Following the Battle of Manassas he fought Jay Hawkers in Tennessee and Virginia in the army of Major General Edmund Kirby Smith. He later was then placed in Major General Carter L. Stevenson’s Division wher he formed the rear guard for John Clifford Pemberton’s army on the way to Raymond, Mississippi. His brigade manned the upper trenches at Vicksburg, Mississippi untill 4 July 1863 when General Pemberton surrendered to General Grant. He was traded for Union officers and then fought with General Jubal Anderson Early. When General David Hunter began his march against Lee’s communications in 1864, Vaughn assisted in repelling his advance. In the performance of this duty he was engaged in the battle of Piedmont, and after the death of General William Edmondson “Grumble” Jones assumed command and brought off the shattered forces successfully. He was with Early in his successful campaign against Hunter, and in the last advance in Maryland and the valley of Virginia. Being wounded near Martinsburg, West Virginia he was furloughed and returned to Bristol, Tenn. After the death of General John Hunt Morgan, he took command of the forces in east Tennessee. When Lee surrendered, Vaughn’s command was at Christiansburg, Virginia confronting Major General George Stoneman.After General Robert Edward Lee surrendered the Army of Northern Virginia in April 1865, he was ordered to Charlotte, North Carolina where he was in charge of the escort for President Jefferson Davis when he started his run for Texas to join up with General Edmund Kirby Smith. A troop of cavalry under the command of Lieutenant Colonel Benjamin Pritchard of the 4th Michigan Cavalry captured the party while camped near Irwinville, Washington County, Georgia on 9 May 1865.

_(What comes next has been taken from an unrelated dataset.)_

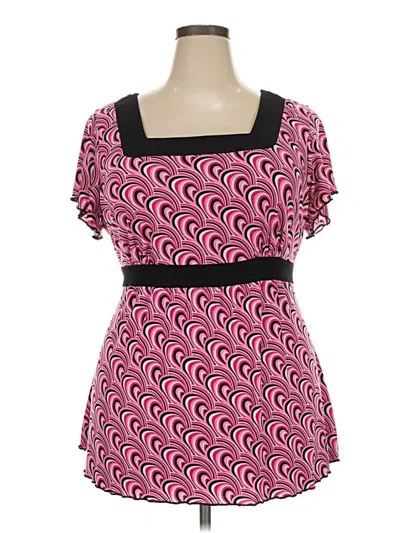 Pre-owned Venezia Short Sleeve Top Pink Square Neckline Tops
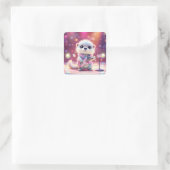 Fantasy Schattige Otter Pop Star Vierkante Sticker (Tas)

Following the war he went to south Georgia for a time and then returned to Tennessee where he was elected to the state Senate, of which he was made presiding officer. At the close of his term he returned to south Georgia, where he remained until his death, being engaged either as a merchant at Thomasville [Georgia] or in planting. He died at his residence in Brooks County, Ga., on August 10, 1875.
John Crawford Vaughn born 24 Feb 1824 was the first son of Alfred James Vaughn and Mary Jane Crawford. When the war with Mexico started he entered the Fifth Tennessee volunteers as a captain and served throughout the war. At its close he returned to his home in east Tennessee and became a merchant in the little village of Sweetwater.